Primary aldosteronism as an endocrinological challenge – old doubts and new diagnostic possibilities

  • Ewa Cyrańska-Chyrek Department of Endocrinology, Metabolism and Internal Medicine, Poznan University of Medical Sciences, Poland http://orcid.org/0000-0002-0675-583X
  • Małgorzata Grzymisławska Department of Anatomy, Poznan University of Medical Sciences, Poland
  • Marek Ruchała Department of Endocrinology, Metabolism and Internal Medicine, Poznan University of Medical Sciences, Poland
Keywords: primary aldosteronism, adrenal tumor, aldosterone producing adenoma, bilateral adrenal hyperplasia, adrenal CT, adrenal venous sampling

Abstract

Hypertension constitutes a common clinical problem worldwide. In fact, a systematic increase in its detection is predicted in the following years, with early detection, accurate diagnosis and effective treatment of hypertension being a priority. The most common endocrinological cause of hypertension is primary aldosteronism. What is more, elevated aldosterone levels cause a deterioration in blood pressure normalization, diabetes, and significantly increase cardiovascular risk.
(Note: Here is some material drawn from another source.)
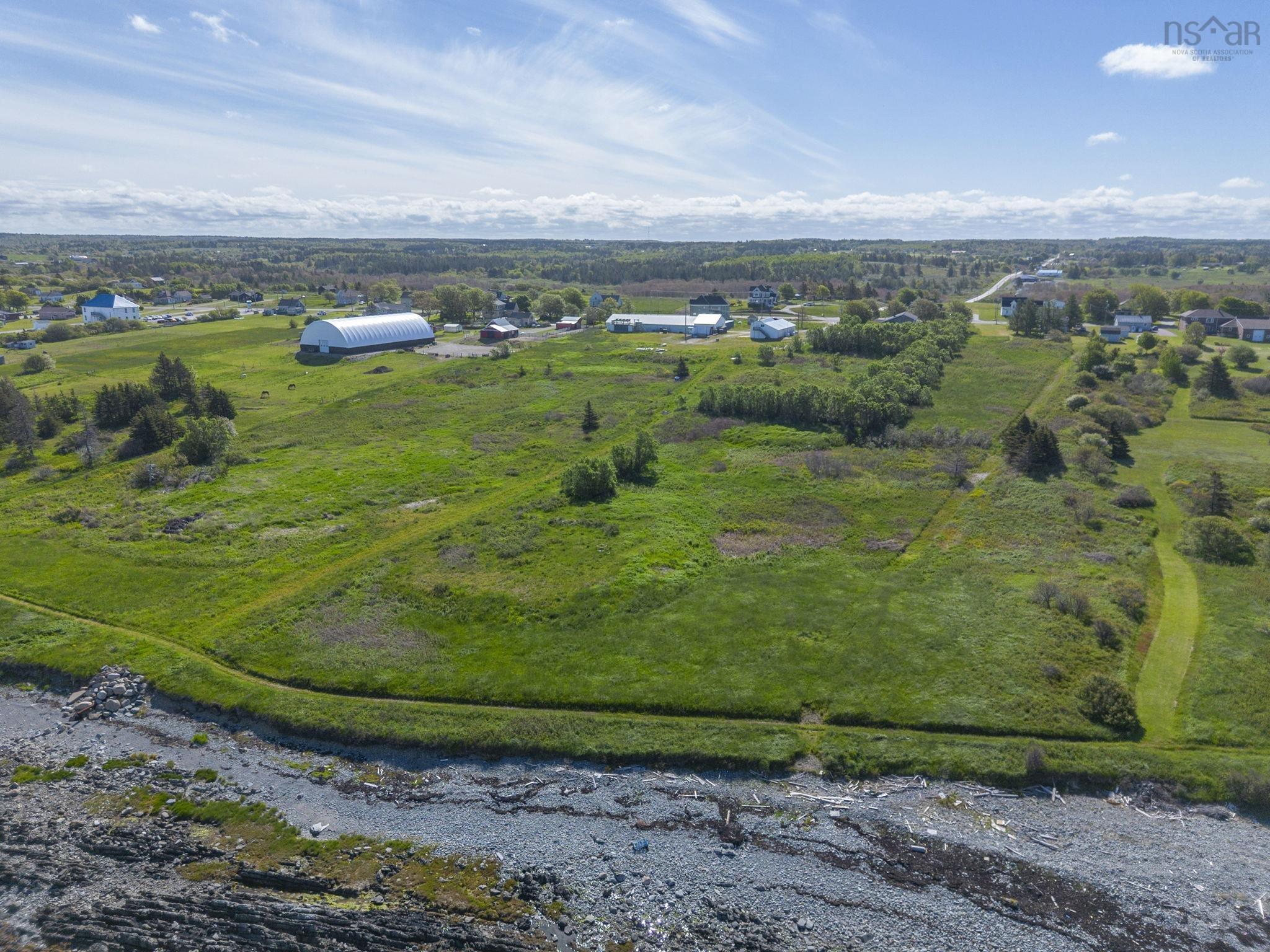$149,000.00: lot 2 1 Highway, Saulnierville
There are two distinct causes of primary aldosteronism – aldosterone producing adenoma (APA), as well as bilateral adrenal hyperplasia (BAH) and proper differentiation between APA and BAH has clinical implications. In the case of the former adrenalectomy is advised, whereas the latter is followed by introduction of proper pharmacotherapy with aldosterone antagonists (spironolactone, eplerenone).